Set custom starting point with ‘ratematrix’

Daniel S. Caetano

2018-06-06

Set custom starting point with ‘ratematrix’

Here we are going to set a custom starting point distribution for the Markov-chain Monte Carlo (MCMC) run. Please note that model estimation is based on MCMC, so the analyses described here might take some time to run.

General comments

The default behavior of the ‘ratematrix’ package is randomly draw staring points from the prior do the model. This is defined by the argument start of the function ratematrixMCMC. This argument accepts three possible values: "prior_sample", "mle", and a list object with a custom starting point. In this tutorial I will show how to set up this list object with a custom starting point. As an exercise we will use the best posterior value from a previous MCMC chain to start a new chain.

Structure of the starting point list

The starting point is a object of type list with three elements: a vector of root values, a correlation matrix, and a vector of variance elements. The correlation matrix and the vector of variance elements will be used to recompose the evolutionary rate matrix (R).

Here we will take a sample from a prior distribution using the function samplePrior to explore the format of the starting point used in the package.

Load package:

library( ratematrix )

Generate a sample from the prior:

data( "centrarchidae" )
## Using a function to drop all the regimes in the phylogeny to create a simpler case.
phy <- mergeSimmap( centrarchidae$phy.map, drop.regimes = TRUE)
par_mu <- t( apply(centrarchidae$data, 2, range) )
prior <- makePrior(r = 2, p = 1, par.mu = par_mu, par.sd = c(0, sqrt(10)))
one.regime.sample <- samplePrior(n = 1, prior = prior)

Note that the result is a list with three elements. one.regime.sample[[1]] is a vector of root values, one.regime.sample[[2]] is a matrix with a correlation matrix and, finally, one.regime.sample[[3]] is a vector of variance components. This is the format for a model with 2 traits (k=2 or r=2) and 1 regime (p=1). Now let’s increase the number of regimes to 2 and see the format of the sample.
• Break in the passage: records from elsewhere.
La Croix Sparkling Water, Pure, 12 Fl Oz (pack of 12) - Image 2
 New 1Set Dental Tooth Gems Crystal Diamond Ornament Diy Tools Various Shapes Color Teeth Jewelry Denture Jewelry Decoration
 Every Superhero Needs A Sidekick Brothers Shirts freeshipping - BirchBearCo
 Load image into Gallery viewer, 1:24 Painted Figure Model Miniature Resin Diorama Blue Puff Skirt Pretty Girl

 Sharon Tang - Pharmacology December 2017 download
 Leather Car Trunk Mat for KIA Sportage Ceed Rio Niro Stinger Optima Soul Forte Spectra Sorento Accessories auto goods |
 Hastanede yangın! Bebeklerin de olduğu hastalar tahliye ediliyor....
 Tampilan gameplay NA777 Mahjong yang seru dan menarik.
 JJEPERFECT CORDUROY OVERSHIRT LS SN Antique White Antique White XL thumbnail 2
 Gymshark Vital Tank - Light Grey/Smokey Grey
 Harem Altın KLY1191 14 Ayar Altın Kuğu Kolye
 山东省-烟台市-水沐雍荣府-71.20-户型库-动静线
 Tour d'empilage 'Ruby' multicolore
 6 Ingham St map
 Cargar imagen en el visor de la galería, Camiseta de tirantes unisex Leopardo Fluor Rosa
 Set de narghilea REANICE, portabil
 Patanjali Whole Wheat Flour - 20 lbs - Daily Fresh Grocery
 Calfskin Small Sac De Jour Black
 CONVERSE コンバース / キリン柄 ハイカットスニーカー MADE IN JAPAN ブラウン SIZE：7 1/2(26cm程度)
par.sd <- rbind( c(0, sqrt(10)), c(0, sqrt(10)) )
two.regime.prior <- makePrior(r = 2, p = 2, par.mu = par_mu, par.sd = par.sd)
two.regime.sample <- samplePrior(n = 1, prior = two.regime.prior)

Now the format looks a little different, but the structure is the same. The first element of the list is the vector of root values. Since we will always have just one root value for each trait in the model independent of the number of rate regimes, this is still a numeric vector. The second element now is a list. two.regime.sample[[2]] is a list with two correlation matrices; one for each fitted regime in the model. Of course, all correlation matrices for the p regimes need to have the same dimension; with the number of rows and number of columns equal to the number of traits in the model. The third element is also now a list. two.regime.sample[[3]] is a list with two elements; the vector of variance components for each of the p regimes of the model. The order of the list elements of two.regimes.sample[[1]] and two.regimes.sample[[2]] need to match.

This structure holds for any number of regimes and any number of trait in the model. With a larger number of regimes the number of elements will increase.

Order of the regimes in the start point object

The order of the regimes is the same as in the simmap format phylogeny. Here I will use the dataset provided with the package as an example:

data( anoles )
anoles.phy <- anoles$phy[[1]]

Here anoles.phy is a simmap tree with three regimes. The regimes are island, mainland and mainland.2. The order of the correlation matrices and vectors of variance components is the same; first the correlation and variance associated with island, second the one for mainland, and third the one for mainland.2.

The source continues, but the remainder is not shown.